Entries shown: Begin
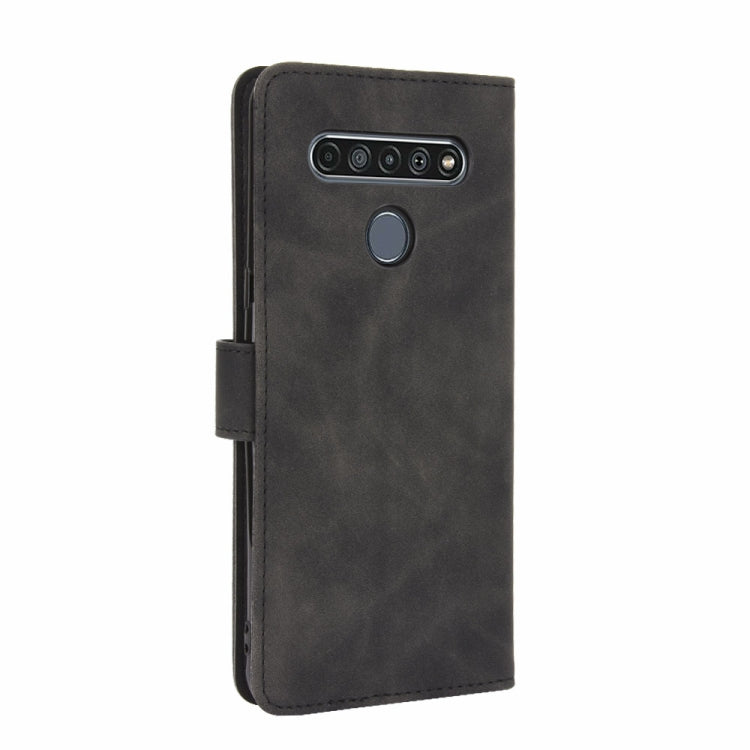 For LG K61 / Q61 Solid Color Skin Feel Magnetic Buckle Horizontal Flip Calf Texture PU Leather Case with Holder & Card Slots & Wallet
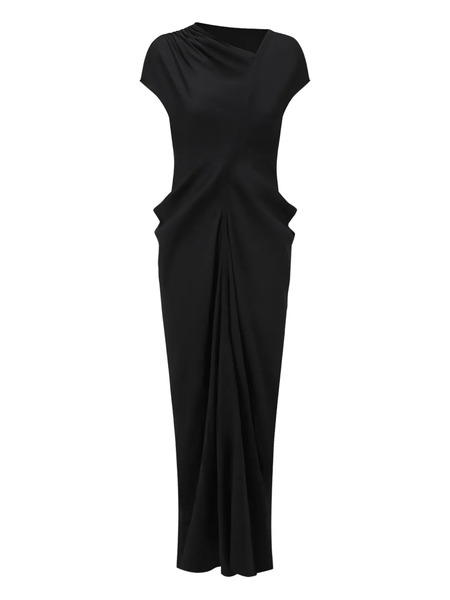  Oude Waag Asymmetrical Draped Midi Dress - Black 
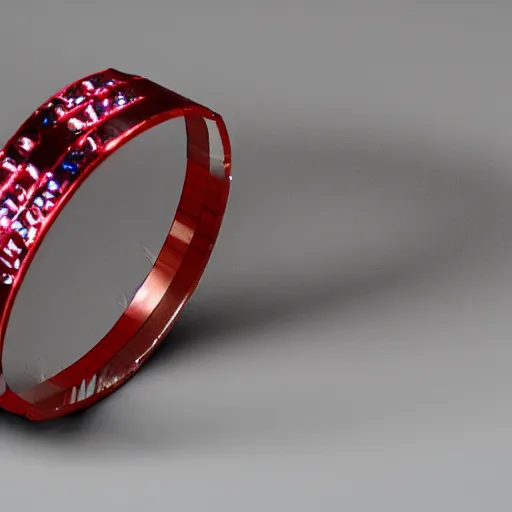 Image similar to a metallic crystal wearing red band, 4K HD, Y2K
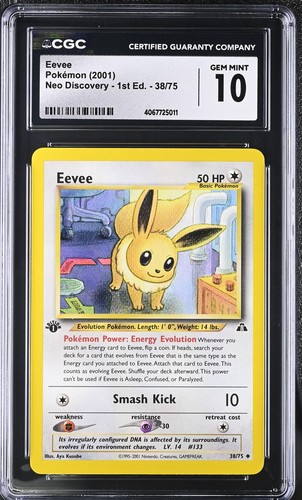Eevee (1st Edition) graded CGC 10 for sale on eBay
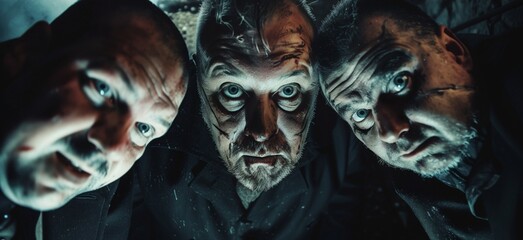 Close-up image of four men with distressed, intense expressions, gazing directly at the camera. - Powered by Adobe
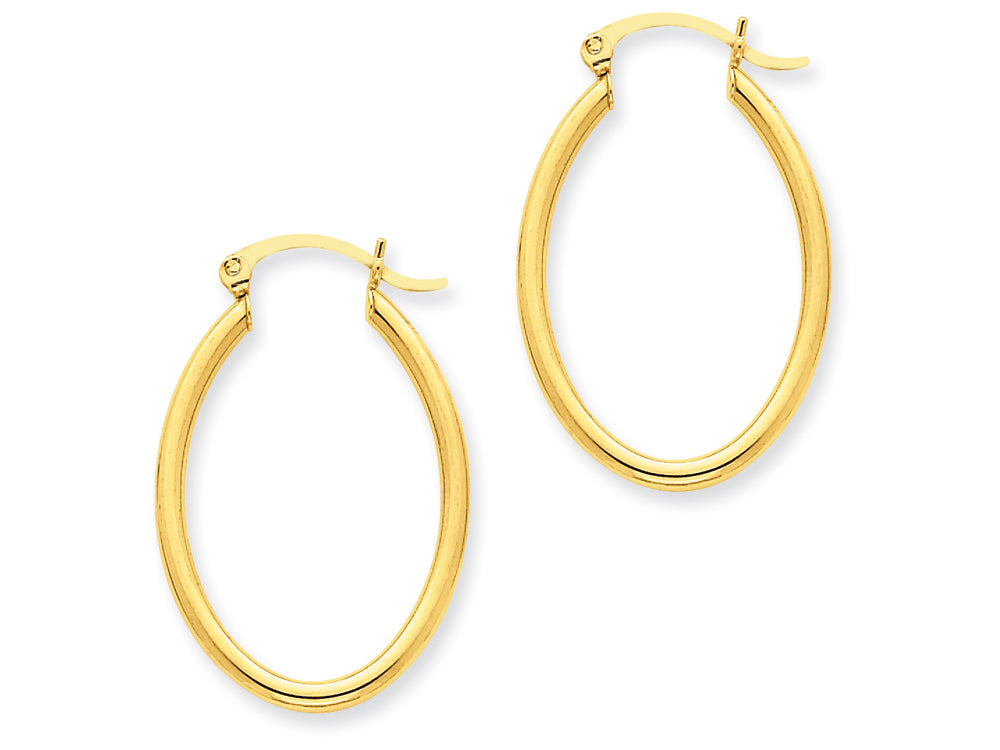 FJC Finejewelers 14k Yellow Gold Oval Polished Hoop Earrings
Entries shown: End
If a record contains a picture, drop the picture and repeat the rest exactly.

 For LG K61 / Q61 Solid Color Skin Feel Magnetic Buckle Horizontal Flip Calf Texture PU Leather Case with Holder & Card Slots & Wallet
  Oude Waag Asymmetrical Draped Midi Dress - Black 
 Image similar to a metallic crystal wearing red band, 4K HD, Y2K
Eevee (1st Edition) graded CGC 10 for sale on eBay
 Close-up image of four men with distressed, intense expressions, gazing directly at the camera. - Powered by Adobe
 FJC Finejewelers 14k Yellow Gold Oval Polished Hoop Earrings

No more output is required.